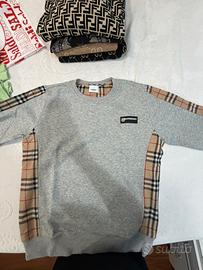 Felpa burberry
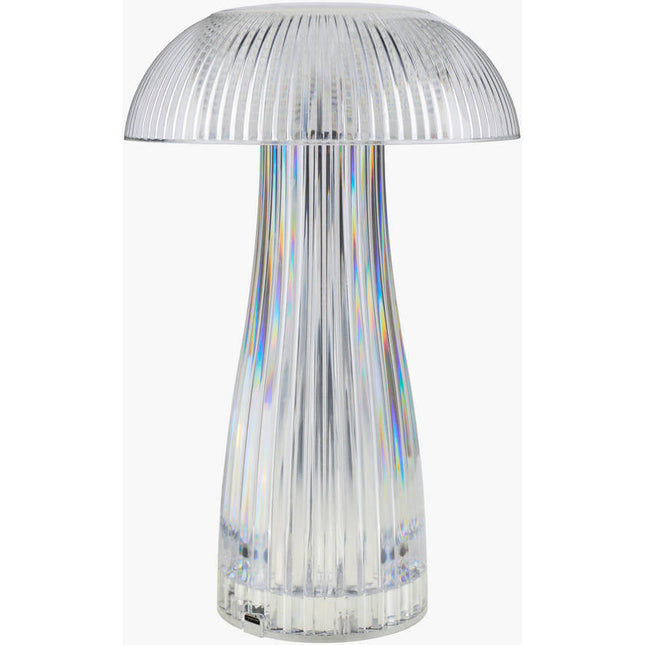 Liani Traditional Clear Table Lamp Home Decor > Lighting > Lamp > Table Lamps TriadCommerceInc 10"H x 6"W x 6"D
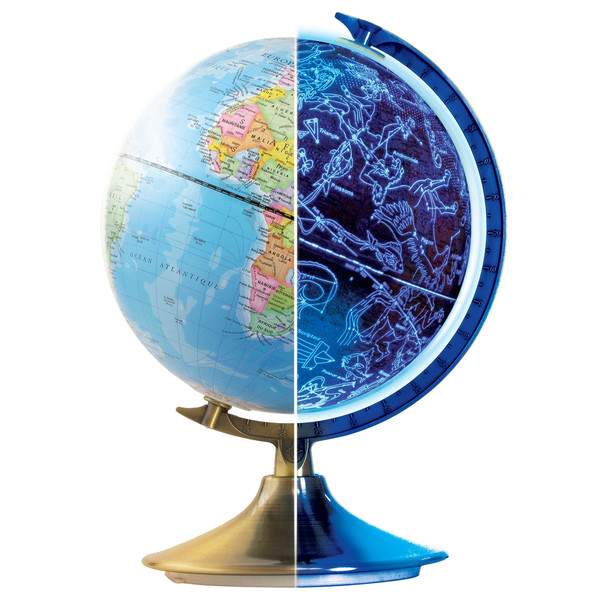 Buki Globo terráqueo infantil Jour et Nuit français 21cm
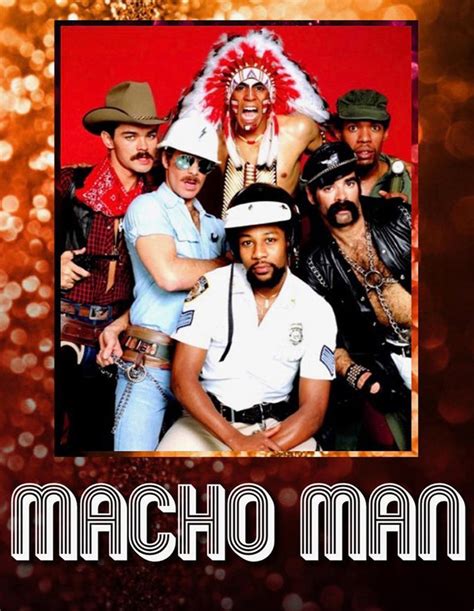 village people macho man video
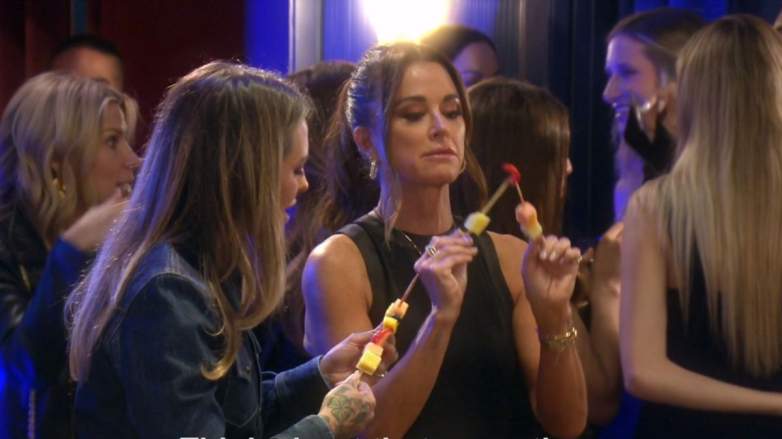 Morgan Wade and Kyle Richards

• TASK PROMPT:
Go back to the line containing "Liani Traditional Clear" and output it and every line after it through the end of the records, exactly, but not the pictures.

• EXERCISE ANSWER:
 Liani Traditional Clear Table Lamp Home Decor > Lighting > Lamp > Table Lamps TriadCommerceInc 10"H x 6"W x 6"D
 Buki Globo terráqueo infantil Jour et Nuit français 21cm
 village people macho man video
 Morgan Wade and Kyle Richards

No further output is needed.